O “Público” parece ter descoberto as questões relacionadas com mobilidade. Só é pena que, avaliando pelo suplmento da semana passada, esteja a servir-se dela para promover questões que com ela nada têm a ver, pelo menos diretamente.
Num primeiro artigo, anuncia-nos que “já compramos muitas bicicletas – para andar faltam as ciclovias”. Eu sou um defensor da criação de ciclovias em cidades congestionadas por trânsito automóvel (não necessariamente em lugares turísticos só para efeitos de recreio, como se vê agora). Mas, como utilizador quotidiano de bicicleta (sem ciclovias), não posso aceitar que um jornal “decida” que só com ciclovias é que se pode andar de bicicleta. Essa é uma decisão pessoal, que deve ser estimulada (e a criação de ciclovias onde se justifiquem é um bom estímulo), mas que não deve depender nem ficar à espera da criação das mesmas.

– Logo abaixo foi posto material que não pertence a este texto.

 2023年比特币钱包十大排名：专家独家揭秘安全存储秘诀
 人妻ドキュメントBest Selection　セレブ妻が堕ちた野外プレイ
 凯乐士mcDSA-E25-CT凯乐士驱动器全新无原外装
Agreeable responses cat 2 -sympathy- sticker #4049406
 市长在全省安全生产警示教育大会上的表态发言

Mas o exemplo mais gritante da utilização das questões da mobilidade para fins políticos que lhe são alheios é esta entrevista onde se defende que “sem regionalização não haverá transportes públicos de qualidade”. Eu compreendo que uma rede integrada de transportes públicos extravasa as autarquias, que têm que atuar em rede de uma forma concertada. Mas o principal problema nos transportes públicos em Portugal é a dispersão de operadores – de empresas.

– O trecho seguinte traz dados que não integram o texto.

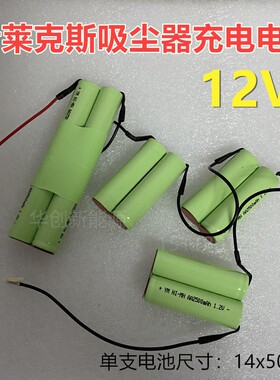 伊莱克斯吸尘器电池配件12V ZB2901 2811 2902 2813 2903 2904等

Só na cidade de Lisboa tem-se a Carris, o Metro e a CP. Na região de Lisboa acrescem a Fertagus e inúmeras operadoras municipais, todas elas representando entidades patronais distintas, praticando diferentes tarifários, com diferentes bilhetes. Poderia argumentar-se que se estas empresas fossem fundidas todas numa entidade regional, tudo funcionaria de uma forma muito mais integrada. Mas a regionalização não garantiria isso (no caso de Lisboa, Carris, Metro e CP andam muitas vezes de costas voltadas e são três empresas do estado – serem “regionalizadas” não resolveria por si nada se continuassem a ser três entidades independentes). Por outro lado, fundir estas empresas (no caso do Metro e da Carris) e colocá-las (com a CP Lisboa e todos os operadores municipais) sob a alçada de uma autoridade metropolitana de transportes (que poderia perfeitamente ser uma entidade supramunicipal) não implica regionalização nenhuma. Desde que houvesse um regime de tarifas (bilhetes e passes) compatível, a responsabilidade pela adequação da oferta, em cada município, poderia ser da responsabilidade da câmara respetiva. (No caso de Lisboa, a Carris e o Metro pertencem não à Câmara mas ao Estado, uma questão bem mais controversa. Mas a entrevista não a aborda.)

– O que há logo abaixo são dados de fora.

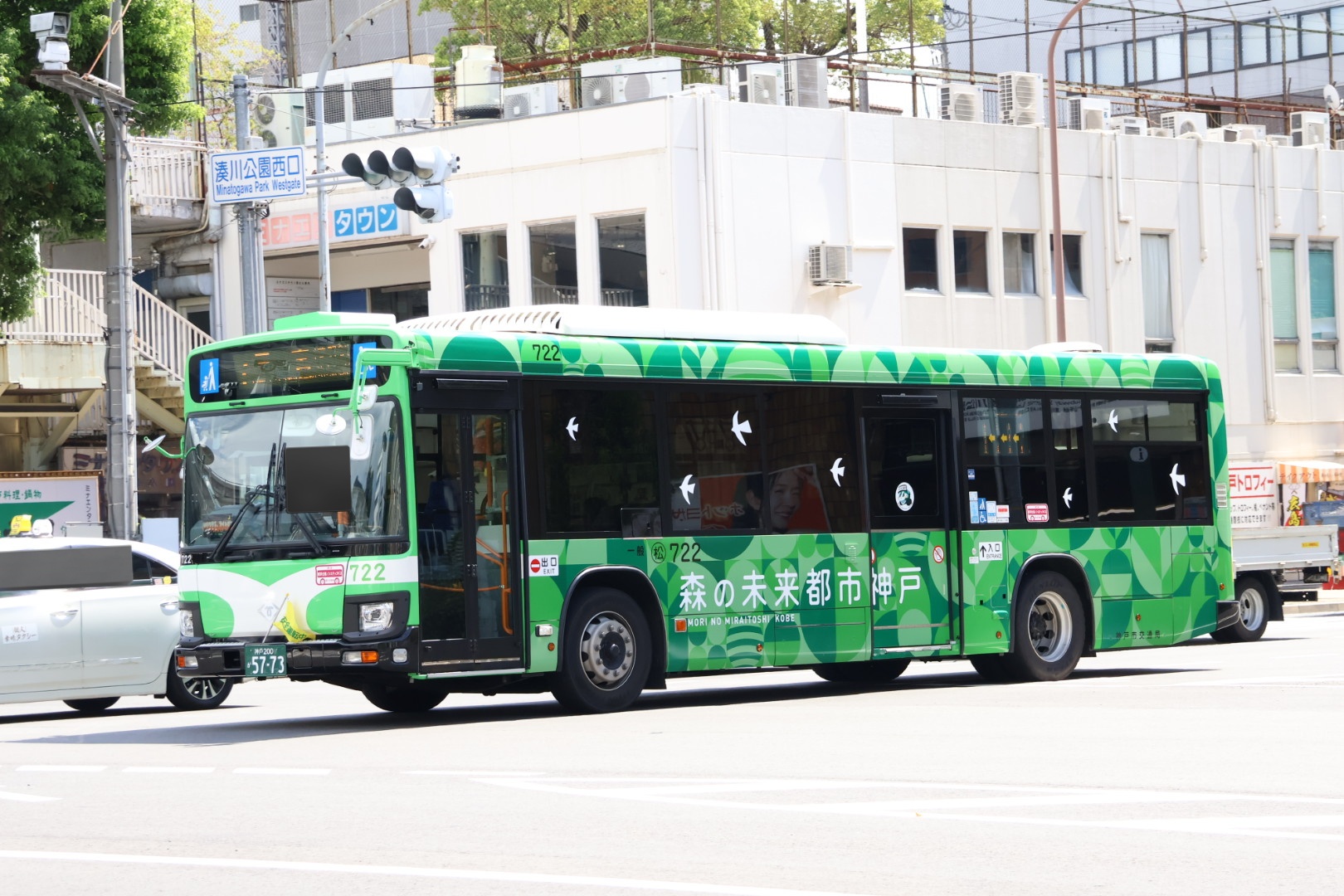 なべっち交通🚌🚃📷️🏠️🥦 on X:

Tudo o que eu aqui disse também se aplica ao Porto, substituindo Carris por STCP, e a outras autarquias. Defender que só com a regionalização pode haver transportes públicos de qualidade, para além de um tiro no pé para quem quer defender os transportes públicos, parece-me uma enormíssima desonestidade política. A regionalização tem outras implicações profundas, e que nada têm a ver com transportes públicos.